**What you have to do:**
The line containing "Property Photo: 35526 Feliz Court CA 92270" marks the start; extract exactly from it through the last line of the entries, and omit any pictures.

::::::

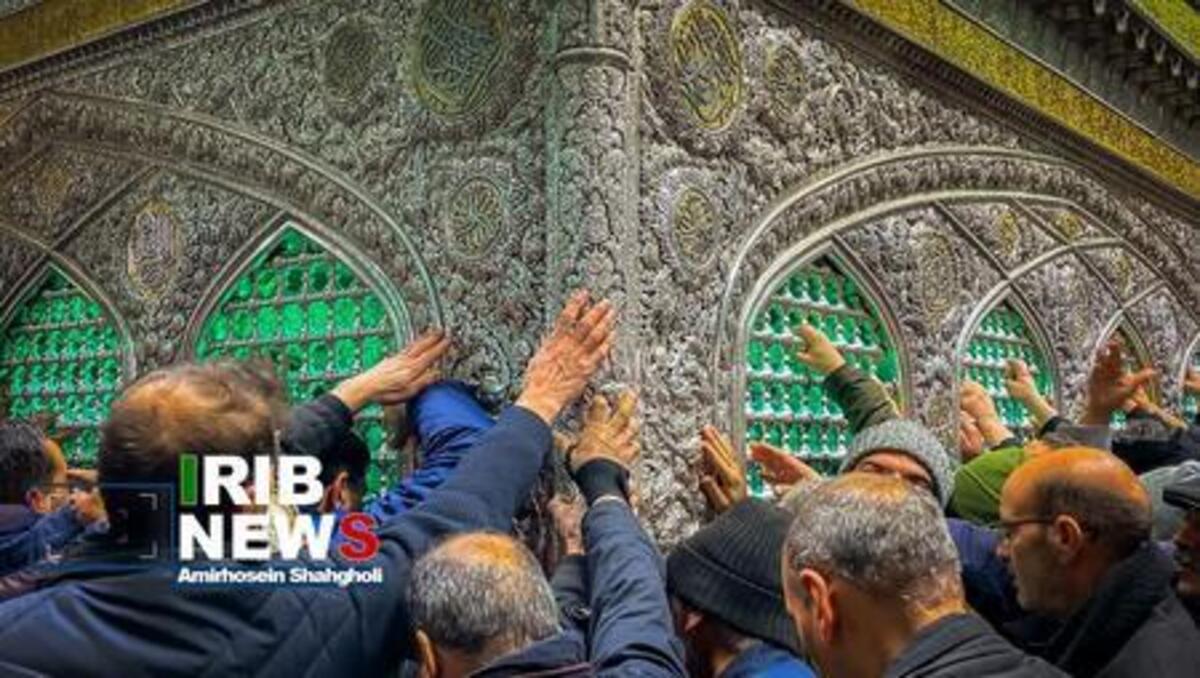 لحظه زیبای بارش برف در حرم امام رضا (ع)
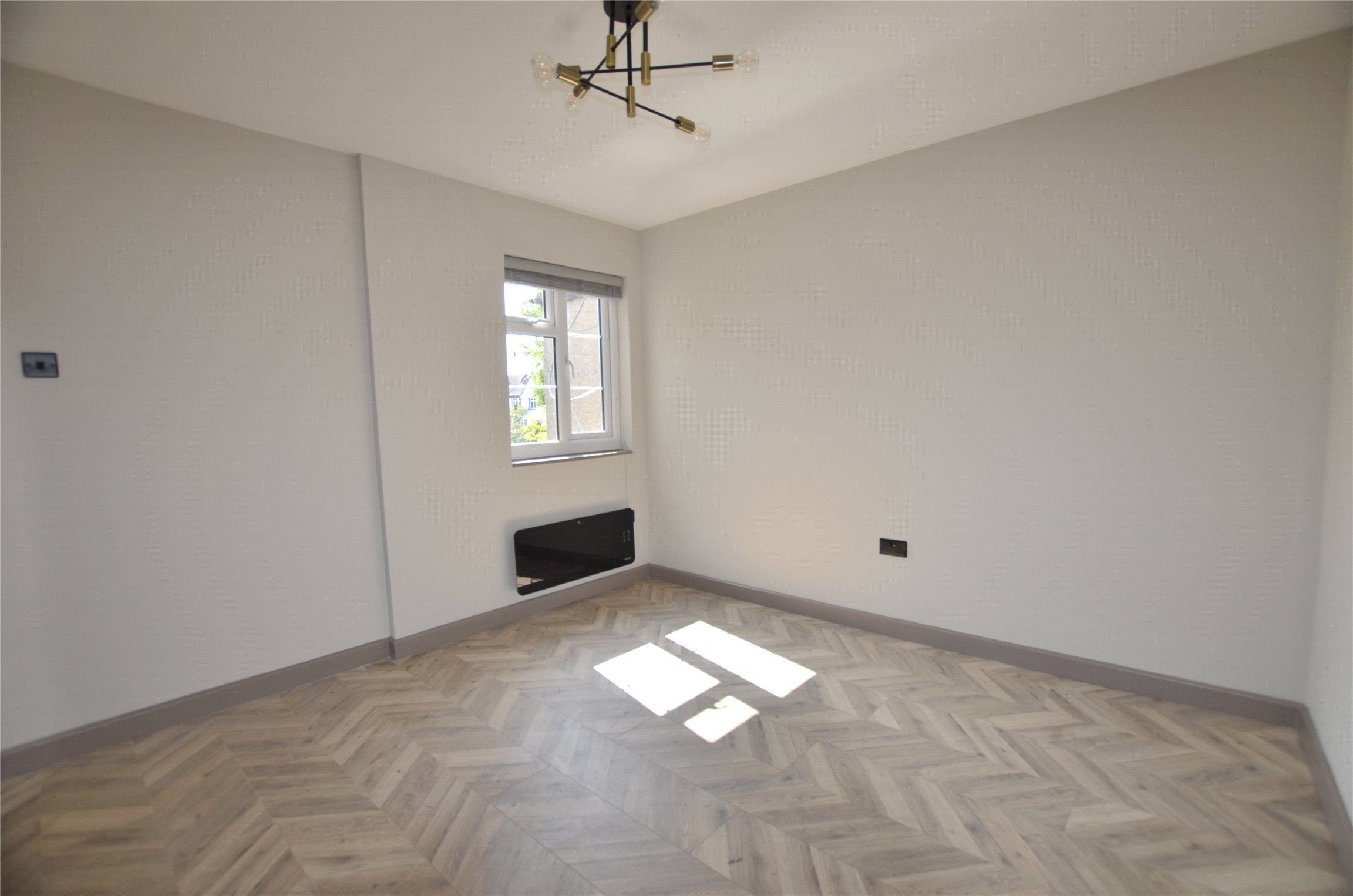 Flat Ace Parade in Greater London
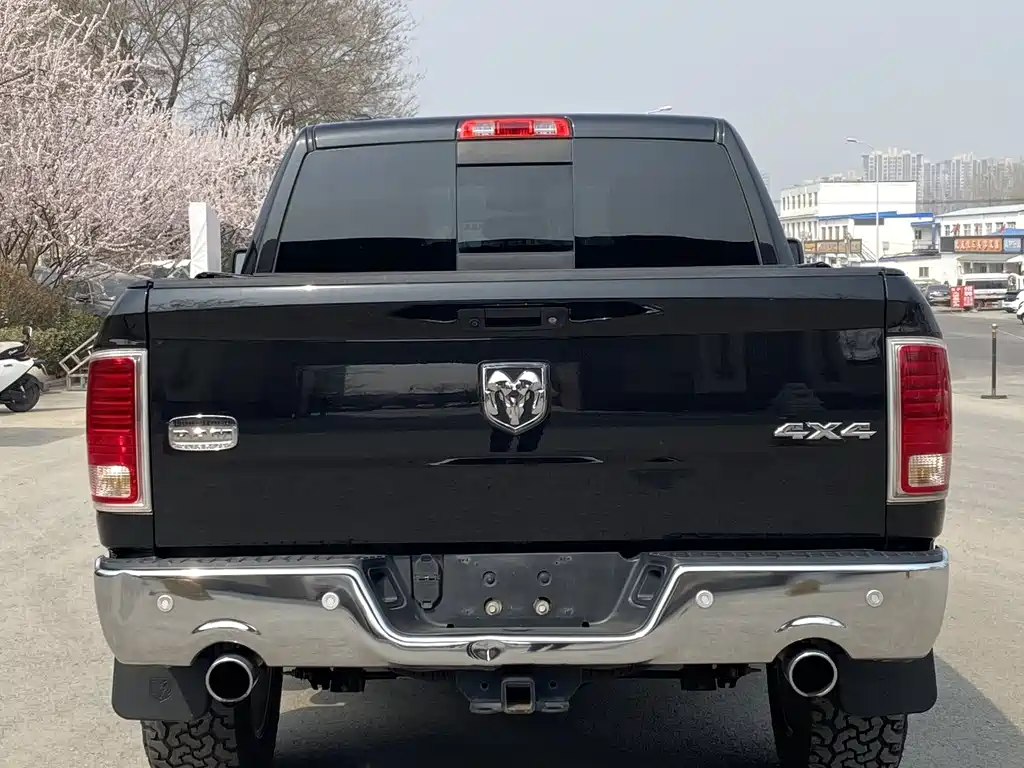 RAM Trucks 5.7 L Auto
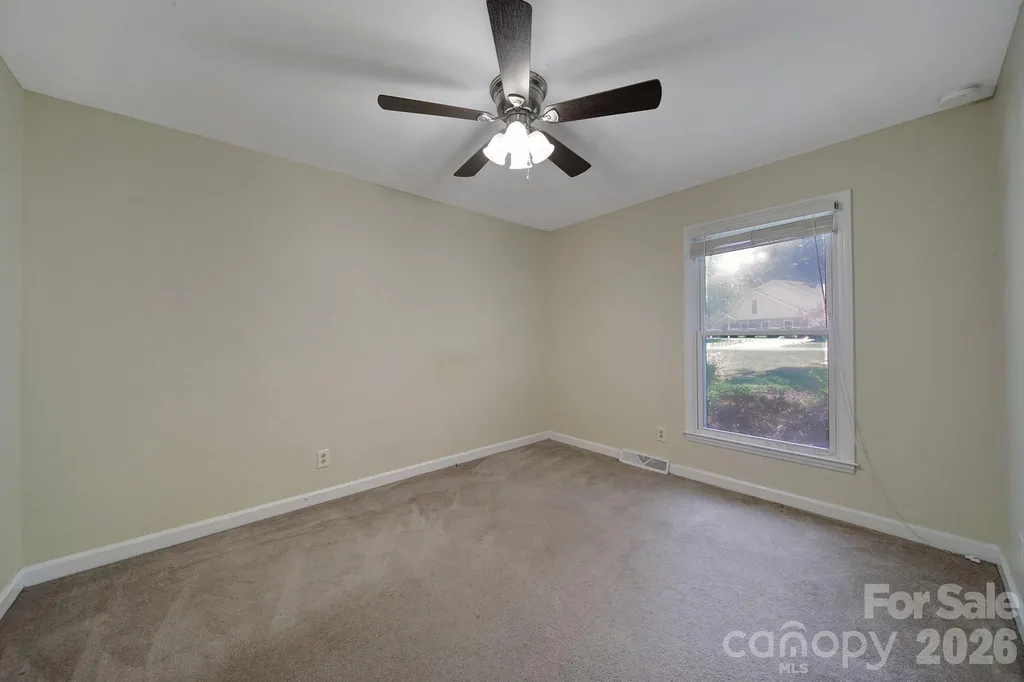 704 Isle Of Pines Road Mooresville NC 28117
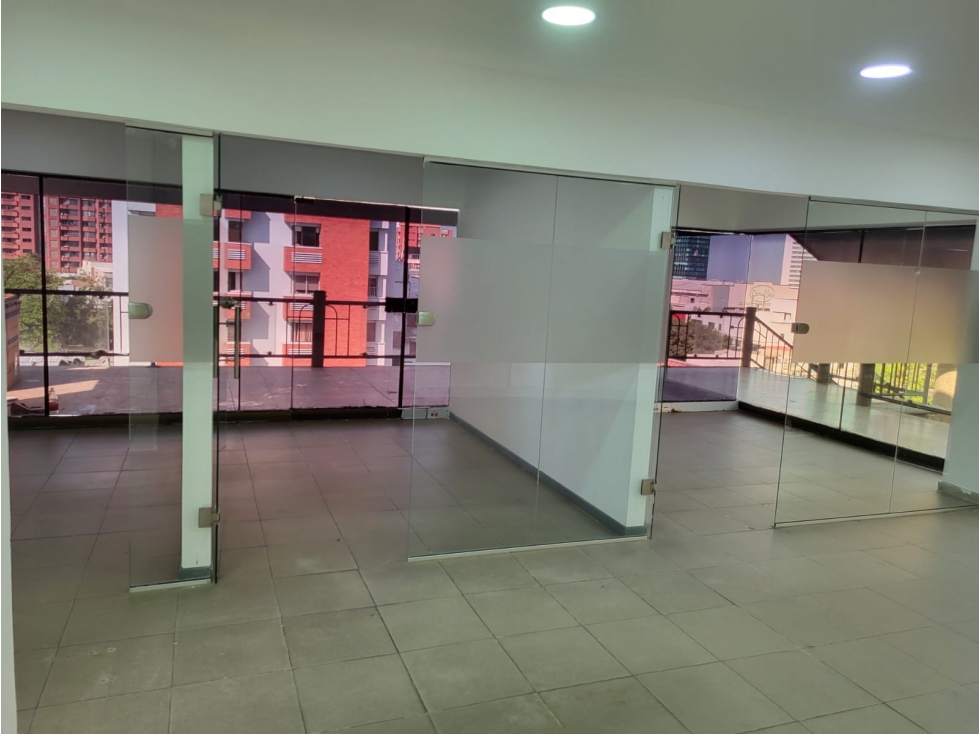 ARRIENDO OFICINA ALTO PRADO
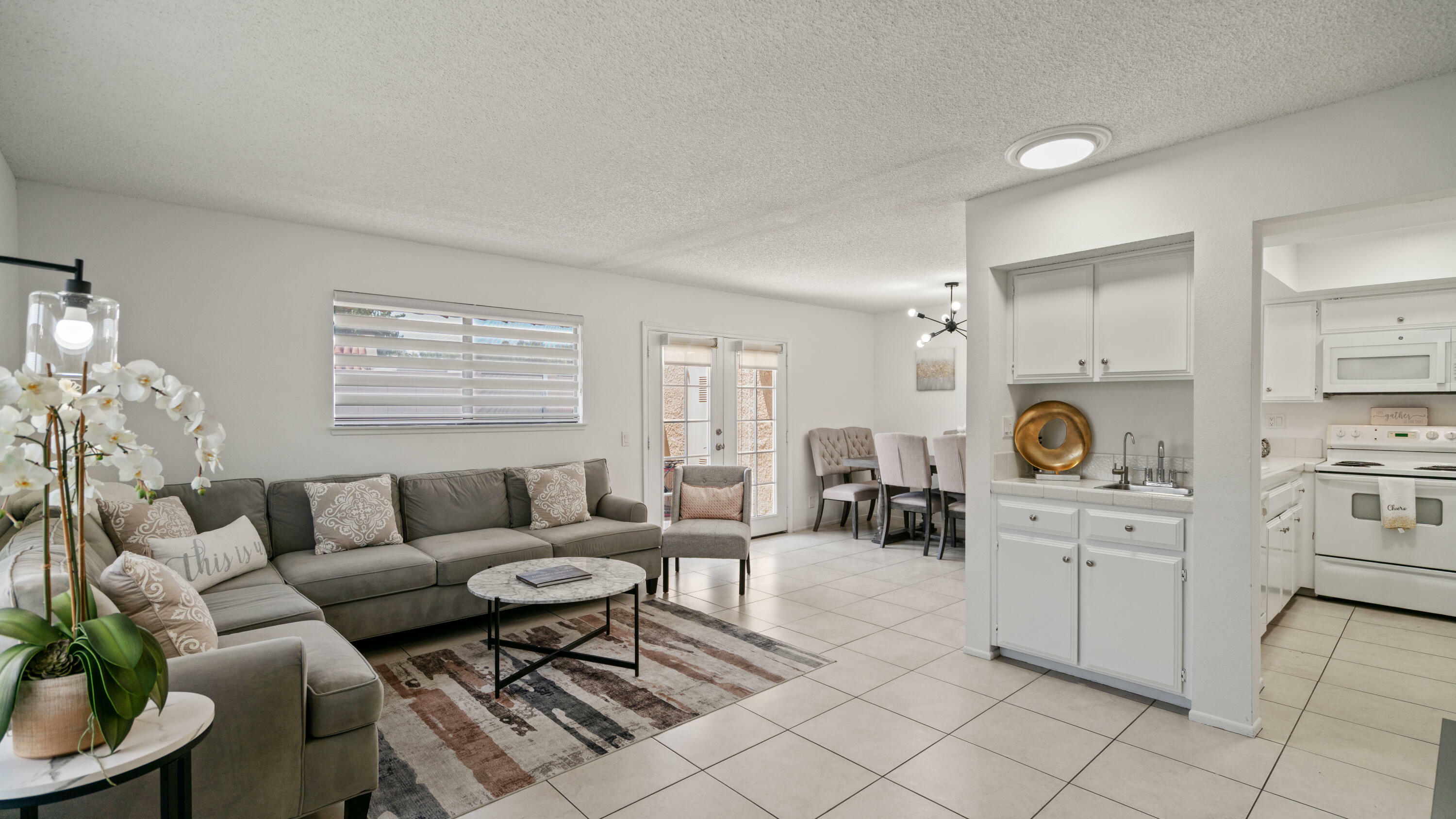 Property Photo: 35526 Feliz Court CA 92270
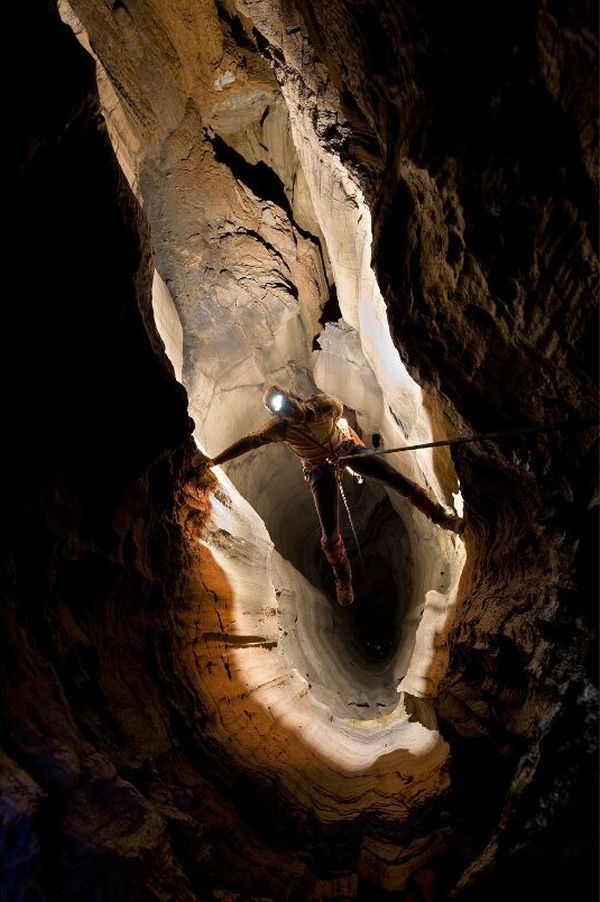 Beautiful Caves (13 pics)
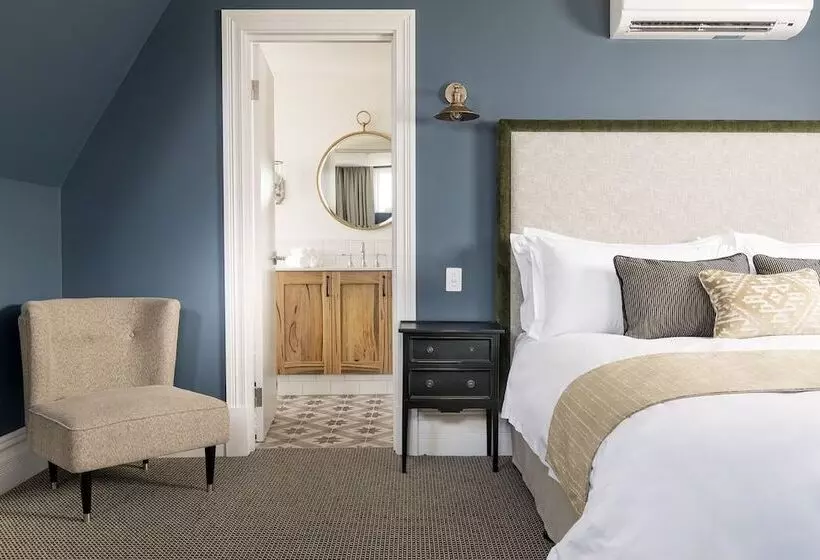 ホテル The National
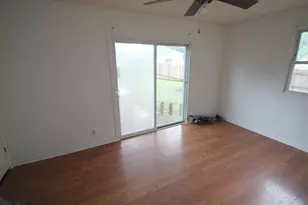 219 N Chicago Ave, Rockford, IL 61107 - Photo 10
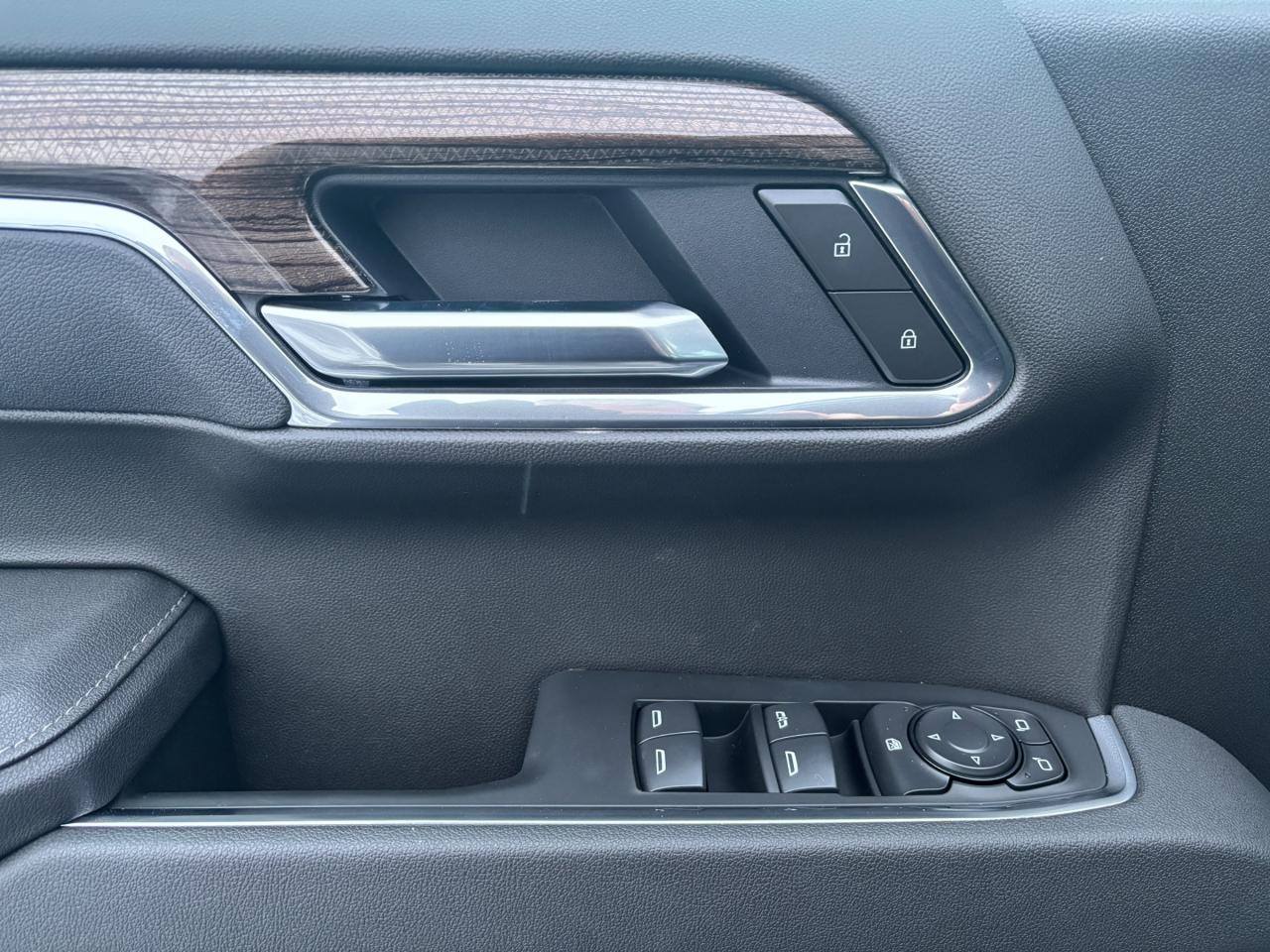 2026 Chevrolet Silverado 1500 2026 Chevrolet Silverado LT Trail Boss Crew Cab 4WD Photo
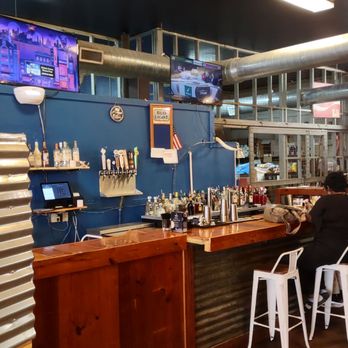 Home Grill Steakhouse - Bar in the back seating area - Steakhouses Near Me - Palestine, Texas Home Grill Steakhouse - Bar in the back seating area - Steakhouses Near Me - Palestine, Texas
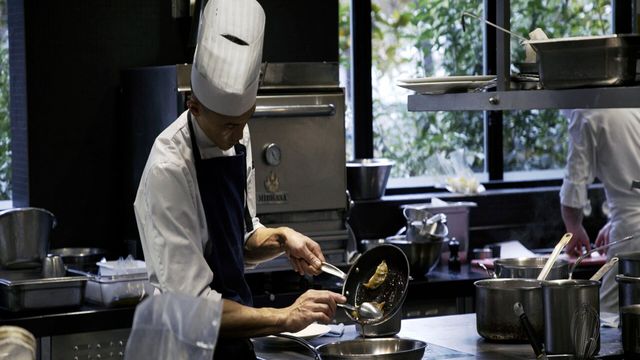 Vignette du programme télé Champs-elysées - Saison 1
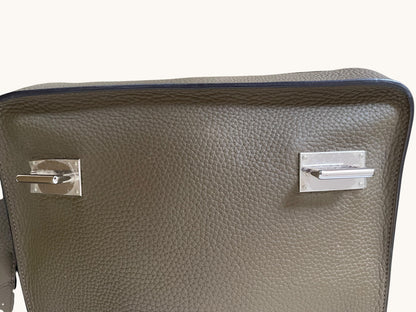 Hermes Beton Taurillon Clémence Exterior · Bleu Electrique Interior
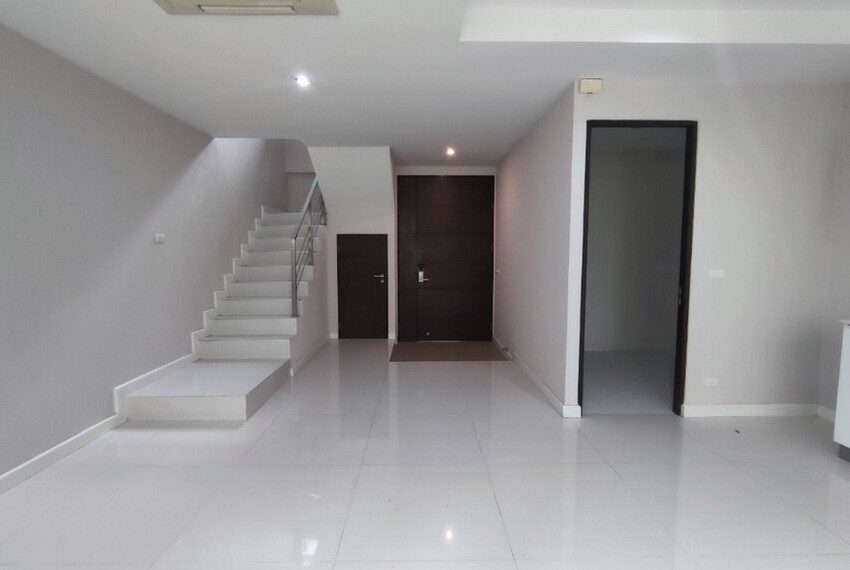 8965 Image-08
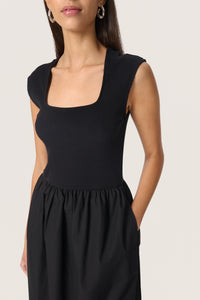Soaked in Luxury SLSimone Phoebe Black Dress with Square Neckline, 30407490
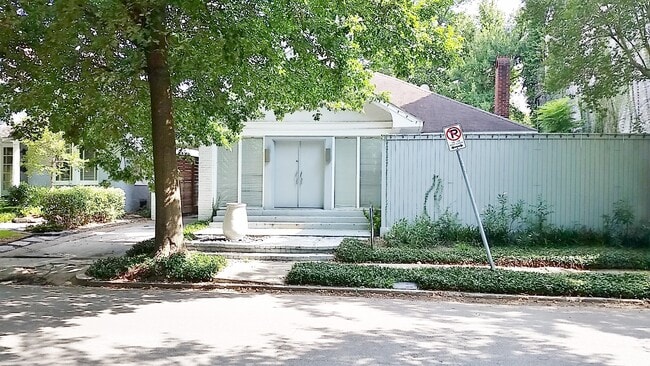 Building Photo - 1209 Milford St Rental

::::::

**Answer space:**
 Property Photo: 35526 Feliz Court CA 92270
 Beautiful Caves (13 pics)
 ホテル The National
 219 N Chicago Ave, Rockford, IL 61107 - Photo 10
 2026 Chevrolet Silverado 1500 2026 Chevrolet Silverado LT Trail Boss Crew Cab 4WD Photo
 Home Grill Steakhouse - Bar in the back seating area - Steakhouses Near Me - Palestine, Texas Home Grill Steakhouse - Bar in the back seating area - Steakhouses Near Me - Palestine, Texas
 Vignette du programme télé Champs-elysées - Saison 1
 Hermes Beton Taurillon Clémence Exterior · Bleu Electrique Interior
 8965 Image-08
Soaked in Luxury SLSimone Phoebe Black Dress with Square Neckline, 30407490
 Building Photo - 1209 Milford St Rental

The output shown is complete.